It’s not that you’re too busy, it’s that you’re putting everyone and everything before you and your happiness! You have, in effect, trained yourself – yes, trained yourself – to believe that when it comes to your time, and your life, everyone else gets to say how you spend it.

You need to stop that.

Of course, that’s easier said than done. From birth we’re encouraged by others to take on that ‘training’. Eventually we might even convince ourselves that these habits of selflessness/martyrdom/workaholism are a good thing. We say to ourselves, “I must be a good person, I put everyone else first – yay me.” Those that don’t adopt a similar saintly attitude – and you can probably think of someone off the top of your head – can, on occasion, come across as a little self-centred or selfish. Maybe more than a little. And maybe not as occasionally as you’d like. Thank God you’re not like that.
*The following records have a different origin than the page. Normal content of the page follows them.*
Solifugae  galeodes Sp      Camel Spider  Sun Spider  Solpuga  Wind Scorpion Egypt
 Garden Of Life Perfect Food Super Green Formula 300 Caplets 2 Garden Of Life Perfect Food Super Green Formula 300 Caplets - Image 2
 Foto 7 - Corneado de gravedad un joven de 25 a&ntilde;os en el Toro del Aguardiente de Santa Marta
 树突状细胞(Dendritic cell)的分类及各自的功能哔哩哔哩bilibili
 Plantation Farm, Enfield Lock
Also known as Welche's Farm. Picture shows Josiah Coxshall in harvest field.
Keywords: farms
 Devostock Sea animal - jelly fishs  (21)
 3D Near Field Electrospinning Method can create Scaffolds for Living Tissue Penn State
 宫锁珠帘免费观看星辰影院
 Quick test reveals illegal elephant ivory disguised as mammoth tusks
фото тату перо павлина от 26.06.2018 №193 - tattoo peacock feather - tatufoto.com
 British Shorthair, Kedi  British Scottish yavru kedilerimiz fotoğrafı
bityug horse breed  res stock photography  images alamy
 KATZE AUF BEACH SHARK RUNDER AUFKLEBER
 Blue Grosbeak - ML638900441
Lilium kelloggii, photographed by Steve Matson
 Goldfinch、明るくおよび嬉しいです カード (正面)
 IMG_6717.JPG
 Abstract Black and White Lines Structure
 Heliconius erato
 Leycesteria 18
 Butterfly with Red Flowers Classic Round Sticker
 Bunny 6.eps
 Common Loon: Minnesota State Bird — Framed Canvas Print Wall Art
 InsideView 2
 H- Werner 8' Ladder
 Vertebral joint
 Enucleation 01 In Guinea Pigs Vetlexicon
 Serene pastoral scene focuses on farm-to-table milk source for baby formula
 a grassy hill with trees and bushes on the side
I bet they’re happier though.

Now I’m not suggesting for one minute that you become like them, but accepting that you’ve created a habit of surrendering your time without question, and becoming aware of that habit, will give you the opportunity to say “no” and gradually regain control of your life. It’ll feel uncomfortable at first. It may even feel wrong. At some point you’ll upset someone. Maybe several someones. And that’ll make you feel guilty. But these things will pass. With practice it’ll become easier – it’ll start to make sense – and the people around, those that care about you, will, eventually, adjust to the ‘new you’.

So – let’s start now – go tell your mother that you won’t make it next week, or your boss that you can’t come in on Sunday.

FAQ: Potential Wish List Problems #1 – It’s all me, me, me, me, me!

Me Me Me!

It’s no fun growing up with brothers and sisters. Life is a constant battle for supremacy. And whilst being the eldest, or the tallest, or the strongest, should give you the competitive edge amongst your siblings, there’s always a parent hovering in the background who’s just one squabble away from wading in and levelling the playing field with a clip round the ear and comments such as:

“Wait your turn,” or

“Be nice to your sister,” or

“How many times have I told you to share?!”

You can appeal, of course – I often did – but this was usually met with:

“Peter – not everything’s about you,” or

“If you can’t play nicely then I’ll take it away,” or

“I want, I want, I want – that’s all I ever hear!”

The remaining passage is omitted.